++++ RECORDS SUPPLIED ++++

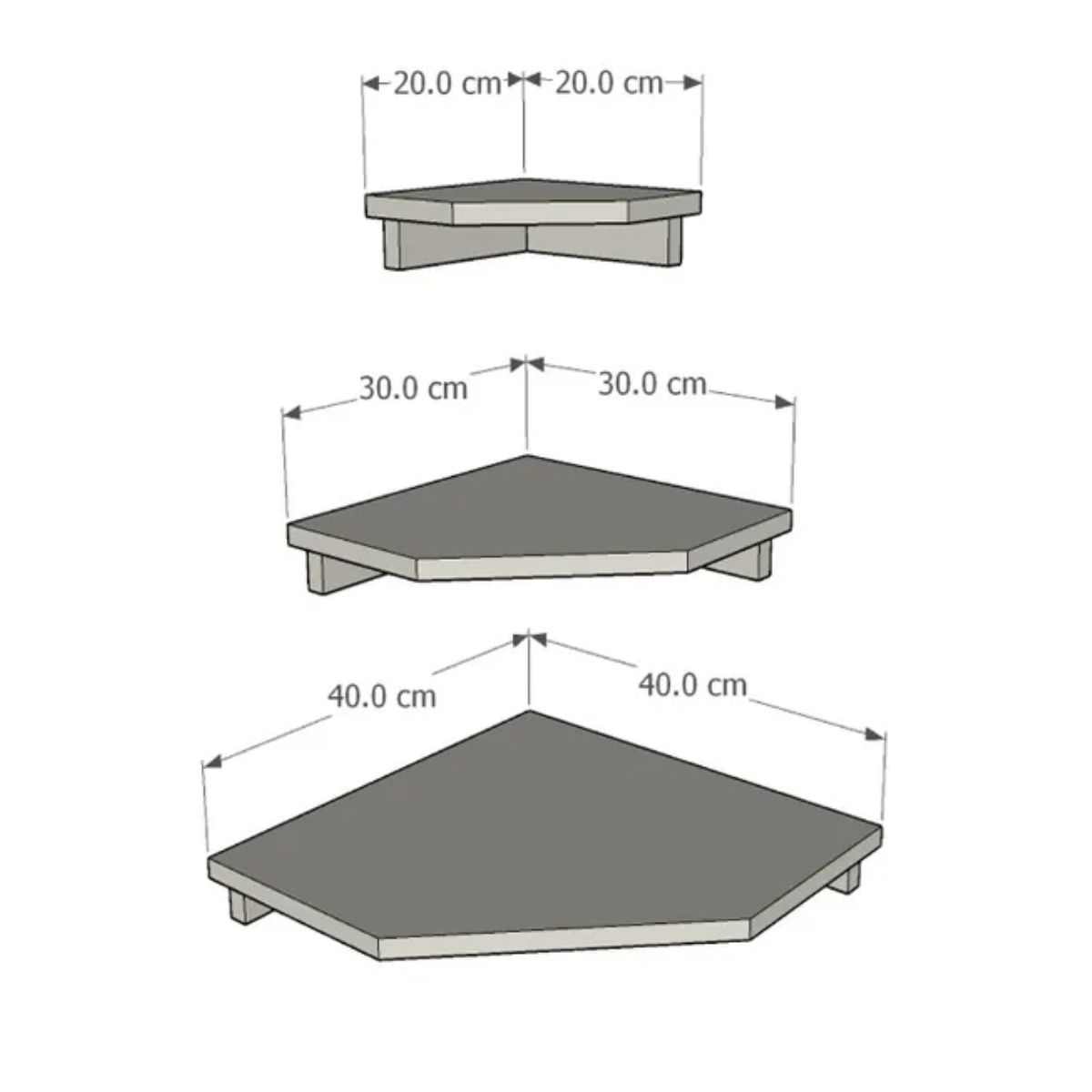 GENERICO - Set 3 Repisa Esquinero Flotante E-16 Decoración Moderna, Color Blanco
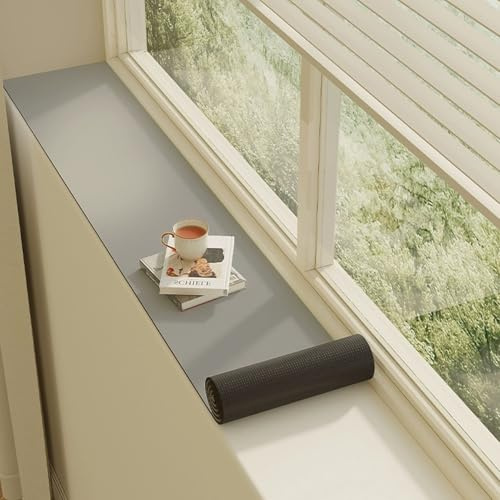 Innovz Fensterbank Matte Fensterbankschutz aus PVC-Leder, Dünne Fensterbankmatte für Hunde und Katzen, Einfarbige, Florale und Panda-Dekor-Anti-Rutsch-Unterlage für Fensterbänke(Gray,39x6in(99x15cm))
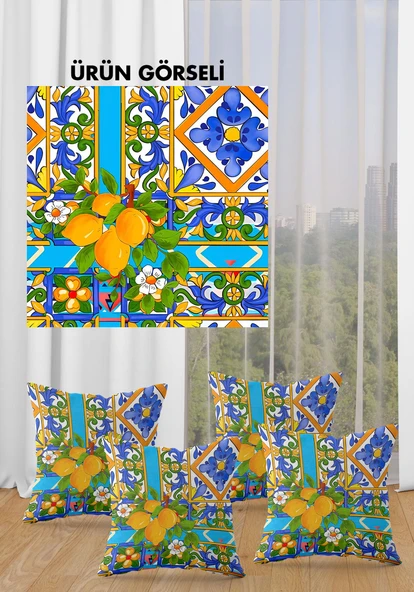 Çift Taraf Baskılı Parlak  Kumaş Bacı Milano Sicilia Desen 4 adet Kırlent Kılıf Seti RENKLİ 43 X 43 - 2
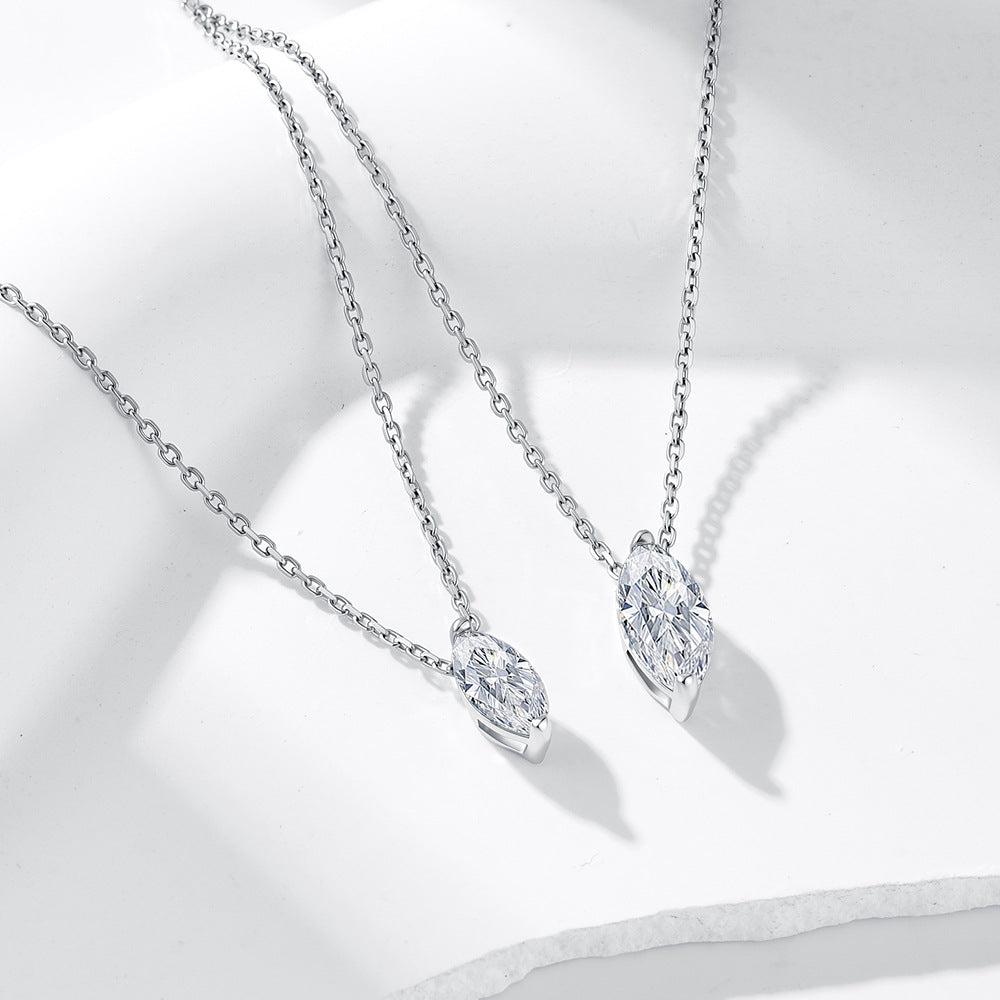 Marquise Moissanite Solitaire Necklace – detail view 3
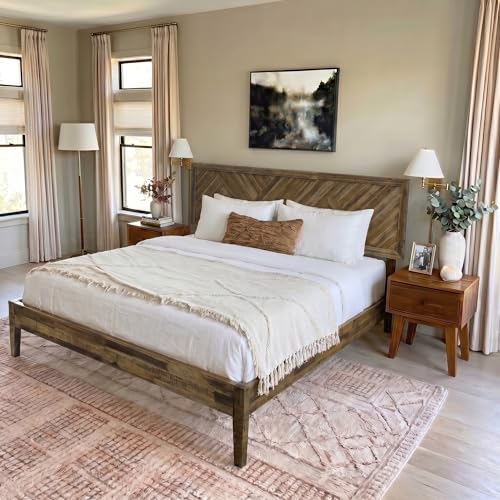Image of Acacia Sierra King Solid Wood Bed Frame, Adjustable Headboard, Ebony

++++

PROBLEM TO SOLVE:
Exact lines, nothing more: output the one with "Innovz Fensterbank Matte" and every later line through the end of the data, skipping pictures.

ANSWER TO THIS TASK:
 Innovz Fensterbank Matte Fensterbankschutz aus PVC-Leder, Dünne Fensterbankmatte für Hunde und Katzen, Einfarbige, Florale und Panda-Dekor-Anti-Rutsch-Unterlage für Fensterbänke(Gray,39x6in(99x15cm))
 Çift Taraf Baskılı Parlak  Kumaş Bacı Milano Sicilia Desen 4 adet Kırlent Kılıf Seti RENKLİ 43 X 43 - 2
 Marquise Moissanite Solitaire Necklace – detail view 3
Image of Acacia Sierra King Solid Wood Bed Frame, Adjustable Headboard, Ebony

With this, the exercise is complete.